Sometimes in life odd things happen. A few years back I had an idea for a magazine article that got a little out of hand and turned into a book. I had accidentally become the world's sole, and thereby leading, authority on a highly obscure topic. Specifically, the history of baseball as played by prisoners of war.
I did a bit of research, talked with a number of old timers and put together a rough outline. Anybody who has struggled with a blizzard of rejection slips should now avert their gaze. I sent an email to McFarland, a small press that does a lot of baseball and history stuff. They said, sure, we'd love to have it. Finish it up and send it along. And so I did.
Small press publishing, where you actually get paid, is a couple of notches up in status from self publishing, but really not a big deal given the actual size of the checks that I still get a couple of times a year.
I figured that, being the World's Authority and all, I might as well have a little fun with this and so I offered to give a talk at the annual Society for Baseball Research meeting (SABR) in Milwaukee. This was a fun and erudite crowd.
After that my phone started ringing.
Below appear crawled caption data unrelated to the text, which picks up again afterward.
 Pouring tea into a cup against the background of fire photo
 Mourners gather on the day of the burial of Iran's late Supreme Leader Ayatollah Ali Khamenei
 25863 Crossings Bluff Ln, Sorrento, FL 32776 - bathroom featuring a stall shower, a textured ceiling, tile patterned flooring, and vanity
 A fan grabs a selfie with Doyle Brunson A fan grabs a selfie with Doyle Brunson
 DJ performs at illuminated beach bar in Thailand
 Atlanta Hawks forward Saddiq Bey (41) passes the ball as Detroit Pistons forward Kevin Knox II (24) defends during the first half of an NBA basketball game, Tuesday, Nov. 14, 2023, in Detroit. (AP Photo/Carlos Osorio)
I would be at the office and my receptionist would say things like "Sports Illustrated on line one", or "It's ESPN again". I guess the world of baseball scholarship has some back channels. The SI possibility did not pan out. I suppose my asking about the swimsuit models might not have helped but actually they seemed to have considered, then declined an issue on sports in time of war. Recall this was shortly after 9/11/2001 when emotions were running high.
ESPN was another experience. They would call from time to time, chat about this and that and nothing much happened. Then one day they just said it was a go, and that they would be coming to Minneapolis for filming, and did I know a good place for us to do this?
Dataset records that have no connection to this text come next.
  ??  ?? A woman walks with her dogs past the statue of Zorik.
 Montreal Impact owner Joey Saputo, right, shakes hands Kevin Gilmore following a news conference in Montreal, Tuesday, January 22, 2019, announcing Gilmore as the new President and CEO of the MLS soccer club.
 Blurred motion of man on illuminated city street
I said, well, how about Fort Snelling? I figured it had a military feel to it, and looked a bit harsh and foreboding. They had all the arrangments made in a couple of days.
I spent an hour of filming with them, subsequently edited down to about five minutes of really good stuff. It became part of a special they did on sports in World War Two for a program called Outside the Lines. It is really interesting working with a large media outfit when they feel like doing something. I suggested a guy in Canada they might like to talk to and sure enough, off they go to interview him.
I don't even remember when the call from Cooperstown came. But they wanted me to come for a special Memorial Day weekend honoring veterans. There would be panel discussions by Hall of Famers who fought in WWII, and other activities. My small role fit in as part of their Author's series, basically the chance to give a talk in their auditorium.
And so I did. It was a less enthusiastic audience than the SABR mavens, but I give a good talk and without notes or Powerpoint.
I was invited to a reception that evening where all the big names would be on hand, but declined, feeling a bit out of place. I should have gone, what the heck, modesty is over-rated.
I did meet Bob Feller in the elevator. I shook the hand that supposedly threw the fastest pitch in major league history. He rubbed the towheaded noggin of our youngest son who was with me.
Since then I have given a few talks on the subject, but when people ask me if I am going to write another book I waffle a bit. The publishing industry is not what it was a decade ago, and it would be hard to imagine another small press undertaking that would morph into so many interesting opportunities.